Please say how many lines in the records below contain the word "Vintage", giving only the number.

### [Records for this exercise]
────────────────

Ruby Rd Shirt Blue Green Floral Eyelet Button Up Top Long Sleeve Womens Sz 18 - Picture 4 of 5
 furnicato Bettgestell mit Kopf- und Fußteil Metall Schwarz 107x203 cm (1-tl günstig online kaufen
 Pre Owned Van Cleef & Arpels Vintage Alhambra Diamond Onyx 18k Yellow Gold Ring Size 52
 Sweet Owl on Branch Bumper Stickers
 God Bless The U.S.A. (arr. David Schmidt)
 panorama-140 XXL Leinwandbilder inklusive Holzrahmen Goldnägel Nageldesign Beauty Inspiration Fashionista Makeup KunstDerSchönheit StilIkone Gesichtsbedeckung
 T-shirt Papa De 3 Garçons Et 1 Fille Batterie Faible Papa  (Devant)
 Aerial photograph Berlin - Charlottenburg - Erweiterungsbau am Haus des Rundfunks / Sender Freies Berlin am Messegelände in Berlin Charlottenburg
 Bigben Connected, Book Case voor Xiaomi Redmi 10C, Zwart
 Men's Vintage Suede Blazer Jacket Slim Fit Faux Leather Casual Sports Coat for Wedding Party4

────────────────

### [Exercise output]
2